■ **AIM OF THE EXERCISE**: Using the listing below, retype the line bearing "有限会社 九十九鶏本舗 - 九十九鶏弁当の鶏肉の照り焼き(R1.9.12撮影)" and each line after it, word for word, and nothing further.

■ **DATA**:
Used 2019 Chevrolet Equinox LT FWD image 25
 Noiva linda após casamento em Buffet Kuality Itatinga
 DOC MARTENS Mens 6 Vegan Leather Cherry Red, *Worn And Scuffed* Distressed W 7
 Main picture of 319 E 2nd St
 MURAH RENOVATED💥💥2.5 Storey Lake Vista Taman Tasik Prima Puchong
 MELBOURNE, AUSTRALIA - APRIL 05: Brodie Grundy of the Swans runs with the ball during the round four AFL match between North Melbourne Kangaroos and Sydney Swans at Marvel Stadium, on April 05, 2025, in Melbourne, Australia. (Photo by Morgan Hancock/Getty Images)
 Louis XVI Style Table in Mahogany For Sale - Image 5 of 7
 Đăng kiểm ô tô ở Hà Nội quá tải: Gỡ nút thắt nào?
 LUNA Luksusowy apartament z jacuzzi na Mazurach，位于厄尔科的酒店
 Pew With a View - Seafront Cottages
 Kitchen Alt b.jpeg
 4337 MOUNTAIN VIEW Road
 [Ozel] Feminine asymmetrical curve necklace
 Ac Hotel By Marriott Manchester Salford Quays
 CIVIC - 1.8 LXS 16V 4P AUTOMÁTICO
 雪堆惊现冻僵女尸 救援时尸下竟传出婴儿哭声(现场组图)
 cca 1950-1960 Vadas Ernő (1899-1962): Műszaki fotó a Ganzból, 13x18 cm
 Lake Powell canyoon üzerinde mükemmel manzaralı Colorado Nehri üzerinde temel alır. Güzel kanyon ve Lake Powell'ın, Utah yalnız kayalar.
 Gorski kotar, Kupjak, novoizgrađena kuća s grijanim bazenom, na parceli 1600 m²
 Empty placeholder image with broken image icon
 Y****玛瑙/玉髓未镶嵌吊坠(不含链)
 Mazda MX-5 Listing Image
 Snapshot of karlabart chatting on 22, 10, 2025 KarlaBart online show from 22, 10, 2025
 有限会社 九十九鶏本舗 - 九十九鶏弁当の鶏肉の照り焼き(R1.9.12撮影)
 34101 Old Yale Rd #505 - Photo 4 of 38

■ **EXERCISE SOLUTION**:
 有限会社 九十九鶏本舗 - 九十九鶏弁当の鶏肉の照り焼き(R1.9.12撮影)
 34101 Old Yale Rd #505 - Photo 4 of 38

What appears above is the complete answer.